» DATA RECORDS:
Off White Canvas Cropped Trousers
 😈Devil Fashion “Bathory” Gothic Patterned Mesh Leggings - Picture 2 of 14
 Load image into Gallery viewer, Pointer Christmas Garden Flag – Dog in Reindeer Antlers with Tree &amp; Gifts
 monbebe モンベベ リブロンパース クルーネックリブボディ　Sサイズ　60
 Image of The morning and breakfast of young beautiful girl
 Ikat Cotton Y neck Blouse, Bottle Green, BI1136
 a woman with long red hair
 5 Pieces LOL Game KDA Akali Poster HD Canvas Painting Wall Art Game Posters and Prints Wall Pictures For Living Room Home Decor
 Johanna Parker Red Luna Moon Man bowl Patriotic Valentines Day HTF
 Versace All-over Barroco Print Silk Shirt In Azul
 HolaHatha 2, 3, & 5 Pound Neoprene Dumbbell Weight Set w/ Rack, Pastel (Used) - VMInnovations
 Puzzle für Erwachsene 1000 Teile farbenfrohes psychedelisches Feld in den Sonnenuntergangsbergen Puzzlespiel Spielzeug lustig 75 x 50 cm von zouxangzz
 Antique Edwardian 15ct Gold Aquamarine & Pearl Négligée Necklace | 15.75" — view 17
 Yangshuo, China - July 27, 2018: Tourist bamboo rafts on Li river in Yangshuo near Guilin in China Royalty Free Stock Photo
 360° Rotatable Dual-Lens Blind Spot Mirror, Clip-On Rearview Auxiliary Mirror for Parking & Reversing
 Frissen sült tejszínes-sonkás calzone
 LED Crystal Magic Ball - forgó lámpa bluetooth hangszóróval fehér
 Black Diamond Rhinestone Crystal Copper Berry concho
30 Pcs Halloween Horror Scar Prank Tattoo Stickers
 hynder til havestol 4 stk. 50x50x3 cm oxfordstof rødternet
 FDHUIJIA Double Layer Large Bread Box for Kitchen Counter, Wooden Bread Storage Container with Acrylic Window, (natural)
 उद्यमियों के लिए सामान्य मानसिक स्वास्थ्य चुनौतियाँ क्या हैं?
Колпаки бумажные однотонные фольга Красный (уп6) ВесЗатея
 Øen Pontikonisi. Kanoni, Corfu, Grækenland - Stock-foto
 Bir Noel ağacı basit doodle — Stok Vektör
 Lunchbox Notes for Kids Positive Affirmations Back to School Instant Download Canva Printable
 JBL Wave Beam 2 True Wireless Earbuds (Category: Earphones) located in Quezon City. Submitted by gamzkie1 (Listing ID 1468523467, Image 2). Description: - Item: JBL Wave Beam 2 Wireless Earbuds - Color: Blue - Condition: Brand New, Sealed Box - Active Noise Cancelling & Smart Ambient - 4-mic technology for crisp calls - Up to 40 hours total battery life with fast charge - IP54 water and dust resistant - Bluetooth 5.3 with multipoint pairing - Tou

» INSTRUCTIONS TO FOLLOW:
Where does the string "Crystal" appear in the records above? Show every line that holds it.

» RESPONSE AREA:
 LED Crystal Magic Ball - forgó lámpa bluetooth hangszóróval fehér
 Black Diamond Rhinestone Crystal Copper Berry concho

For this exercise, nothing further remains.